At least 2.6million households now have microchips in their bins which can be used to weigh the amount of waste used. Information collected by the microchips, which electronically measure the weight of rubbish in bins, is meant to be used to educate households about cutting waste. But critics fear the chips will make it easy for the Government to resurrect plans for a £50 pay-as-you-throw tax on millions of families...

I just don't get it. Ignoring the ludicrous Landfill Tax (which is a tax on councils, but income for central government), the total cost of collecting household rubbish is only a couple of billion pounds a year (household rubbish is only about a third of all waste by volume), maybe a hundred pounds per household.

Tracking down and somehow taxing everything that people throw away is nigh impossible, but as (a) it only seems fair to pay for refuse collection via user charges on volume, and (b) the amount of rubbish you throw away is broadly proportional to the amount of stuff that you buy, why not just earmark a very small fraction of the tens of billions in VAT collected from the sale of new goods as the payment towards refuse collection, meaning that refuse collection can continue to be 'free at point of use'?

Anyways, the punchline is right at the end of the article:

A spokesman for the Local Government Association, which represents councils, added: "Microchips simply identify the house to which a bin belongs... If an elderly resident needs help getting their bin collected and returned, a microchip quickly flags it up to the refuse collector, saving time and money."
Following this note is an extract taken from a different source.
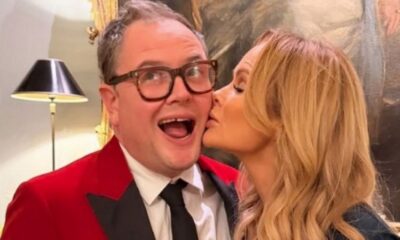 Manchester Evening News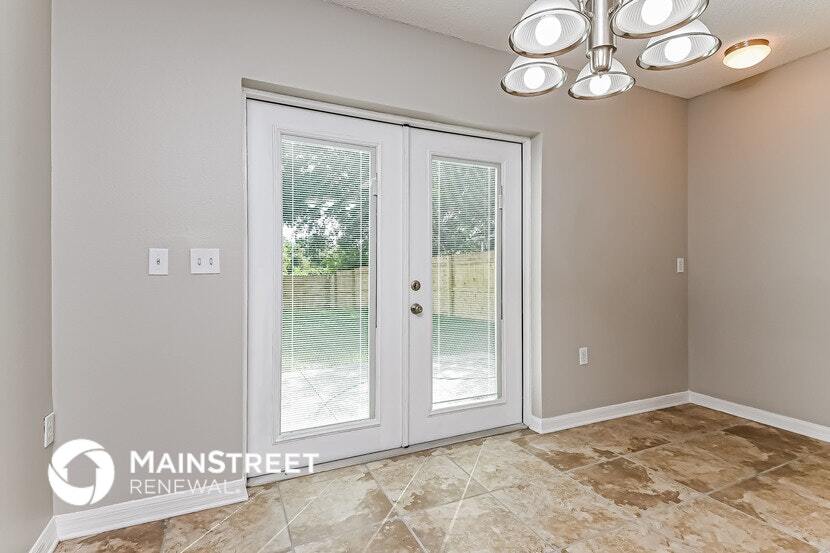 Building Photo - 2753 Whispering Trails Dr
Do they seriously intend to kit out every bin man (or bin woman) with a hand-held scanner to walk up the garden path, read the chip in every bin that was not placed within the prescribed number of centimetres of the pavement, and, if that bin is not shown as registered to an elderly or disabled person, walk back down the garden path sans bin? That's one heck of a snub to the physically-fit-but-forgetful crowd, and hardly saves 'time and money', does it?

Now, I know that some people proudly mark their own wheelie bin with their house number, but if its the elderly and disabled we're worried about, why not give them big yellow stickers to put on their bins (marked with the house number) and have done with it? OK, this idea needs a bit of work, as some elderly people might be nervous of advertising the fact to possible burglars, but hey. Alternatively, they could give the driver of the bin lorry a list of such houses or something - worth a fortune down the pub, but they still could collate these lists themselves by scanning the microchips, so that's not really an argument against?

7 comments:

View from the Solent said...

An incisive analysis by http://www.thedailymash.co.uk/index.php?option=com_content&task=view&id=2529&Itemid=81.

Anonymous said...

I removed my chip when they first came out.

Bill Quango MP said...

Just sorted my own business cardboard.
Used to have to sort it by grade,flat pack it, remove all tape and staples and must fit within a normal sized wheelie bin, lid firmly closed or would be refused.
I used to bung the bin man a £10 to take the extra.

Now I pay a private collector £5 a fortnight and they take as much as I have in any manner I choose to give it to them.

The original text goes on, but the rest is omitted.